Positional Audio in Grounded via Mumble

Sat May 25 '24

Mumble is free and open source voice chat software. It’s appealing for video gaming in particular because it has low overhead, low latency, and good quality audio for speech. It also has a feature called positional audio, which makes it possible for people in the same call to sound like they’re in different places around you. So if you’re wearing headphones, or have some kind of multi-channel audio system, one friend might be louder to your left side and another to your right. If you connect that to whatever computer game you’re playing together, it’s a very cool effect where your friend’s voices are coming from their characters in the game.

Last year I played a game called Grounded with a friend. It’s a Honey, I Shrunk the Kids game where you play as a bug-sized kid, lost in a backyard, trying to figure out how you got there and how to unshrink yourself.

In a test of my friend’s patience, I spent a good chunk of time in-game – time meant for playing together – trying to write a small program that would link the game to Mumble. This way, while we were in our voice chat, our voices would sound as if coming from our characters in game. If my friend was in front of me, they would sound like it. If I turned around, they’d sound behind me. If they ran off to go fight bugs, leaving me to my own diversions, they’d sound further away.

To do this, Mumble needs to know where you are in the game world, where you’re facing, and where everyone else is. It has plugins that load up when a game starts and will read the game memory to get that information. But there isn’t a plugin for Grounded. Alternatively, it has a Link Plugin for games with built-in support for Mumble to connect to Mumble on their own and send this information.

Mumble has a good bit of documentation for its Link Plugin. So I started from that and wrote a super simple program that would read memory from Grounded and send the player’s positional information to Mumble over this Link Plugin. The program only has to read information about the current player. Mumble handles everything else by transmitting each player’s own position along with their voice.

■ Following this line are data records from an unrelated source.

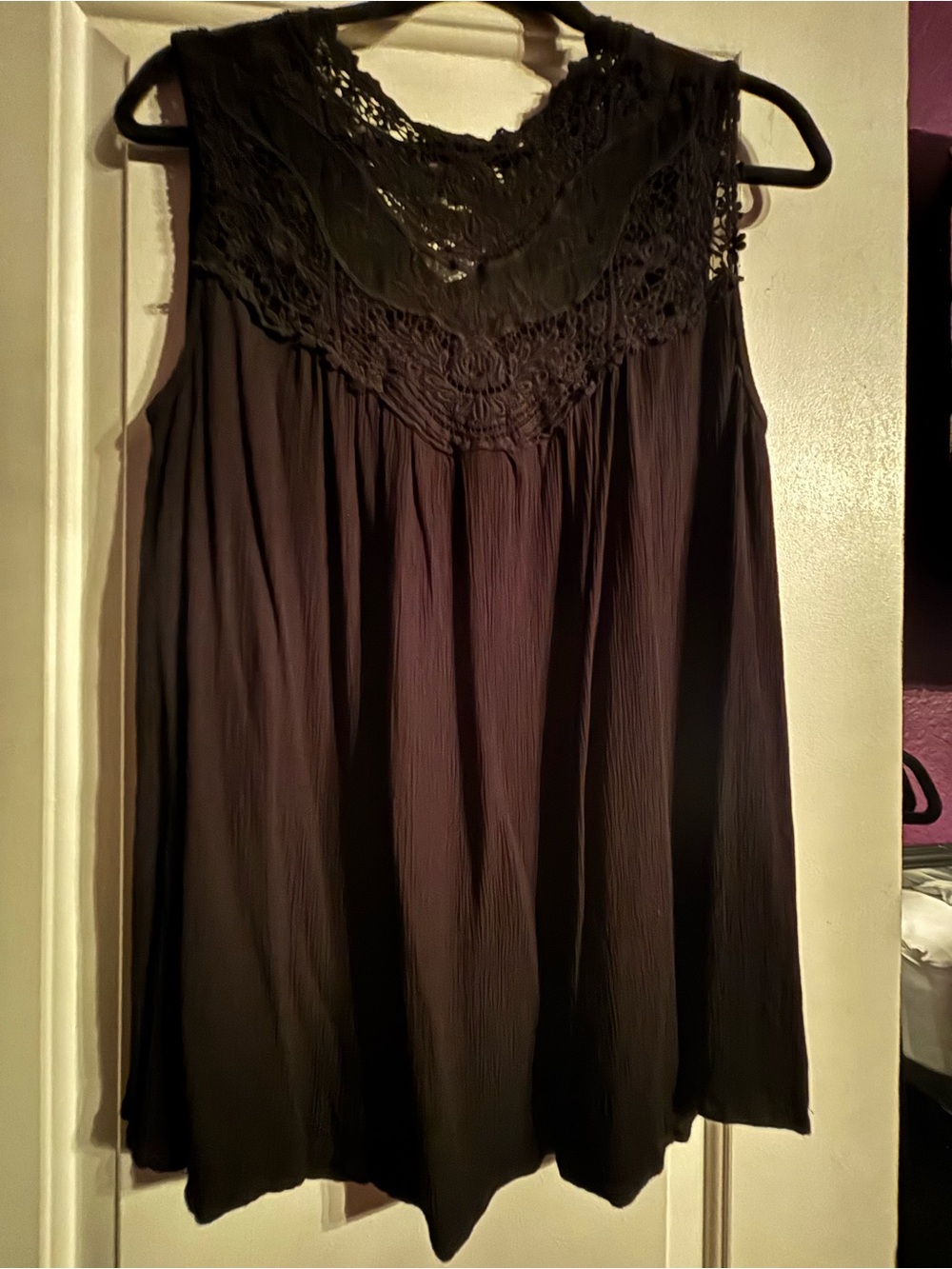 torrid Crinkle Gauze Crochet Detail Tank size 0x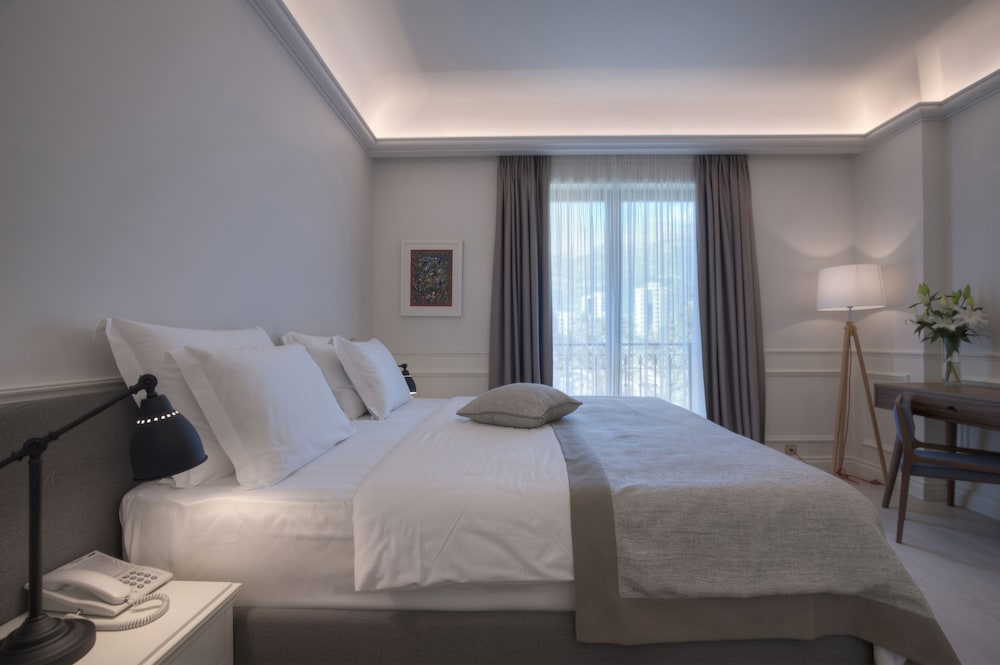 COMFORT, DOUBLE OR TWIN BED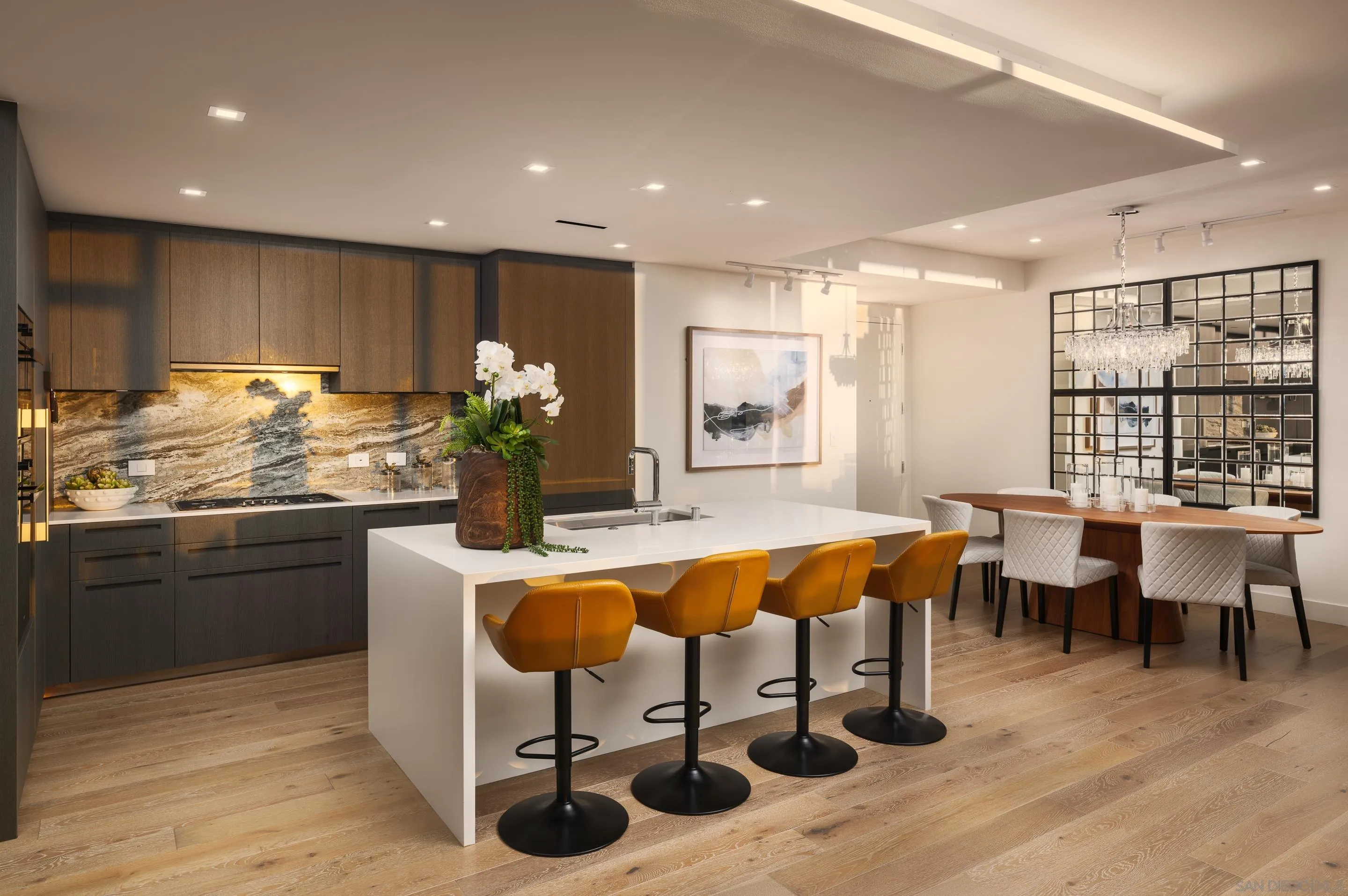 https://cdn.realtyfeed.com/cdn/127/260004969/2bc8021ed6a8297477ed6d8cbb692cde.webp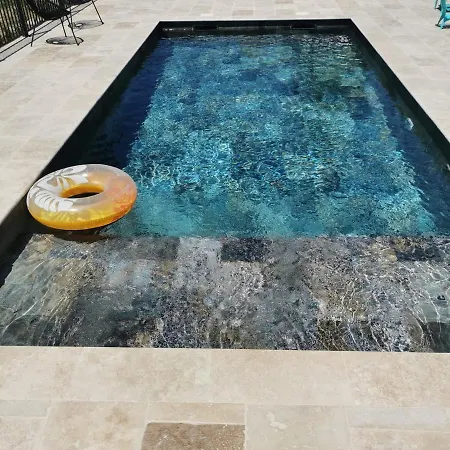 Studio Independant Renove En 2020, Piscine, 11min Avignon Pujaut
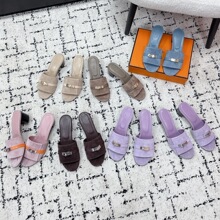 �羳��羳26�ļ��ָ�С�y���i��һ����Ů�⴩ɳ�����e�и�H��Ь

So when my friend talks, the program running on his computer has told Mumble where he is in the game world. On my computer, Mumble receives his voice and position in the game world and makes that audio positional by using my position & direction in-game from the program running on my computer. Both positions are using the same coordinate system and we’re both in the same world, so even though his was collected on his machine and sent to mine, the numbers match up and everything works. So both of us need to be running the program for it to function; but the program is fairly simple because Mumble is doing most of the work.

The Link Plugin documentation I linked to earlier even has an example of how to open a pipe to Mumble and share memory with it to send positional data. The tricky part is just figuring out how to read your player’s positional data from the game. Going into this, that was the part in which I had the least confidence that I’d be able to write a program to read reliably. It turned out that an old program called Cheat Engine had a feature called Pointer Scans that was perfect for this.

Cheat Engine

Remember Cheat Engine? That program that you tried when you a teenager that let you scan a game when it was running to find where in memory it stored how much money you had so you could modify it and give yourself infinite money. After that, you forgot about it because it was a bit of work and cheating isn’t that much fun actually[1]. But, using it to find find your player’s position in the game world is similar to an infinite money cheat.

To write a program to reliably read your player’s positional data from the game, the program needs to know the location in memory of that positional data, called a memory address. We can find the address manually the first time; but, after the game restarts, the data will have a new address.

Instead of having a consistent address for your player’s location, the game works by having a consistent address for another structure that has the address for your player’s location. Or, with additional indirection, has a consistent address to a structure that points to another structure that points to player’s location. It’s a treasure hunt where you aren’t given the directions up-front – you are given directions to find your next directions.

So it’s not good enough just to find the address of the positional data once. We need to back-track and figure out what structures are pointing to the positional data and what structures are pointing to them and what have addresses consistent through restarting the game. That way, we can write a program that reads those structures in sequence and follows them like a treasure hunt.

Pointer Scan

A Pointer Scan in Cheat Engine is a feature that lets you search a game’s memory for things that look like they might be pointers to an address that you care about. Because of how programs work and how they use computer memory, you might not find an address that points exactly to the information you want. Instead, you find an address to a sequence of related values close together forming a structure that includes the information you want.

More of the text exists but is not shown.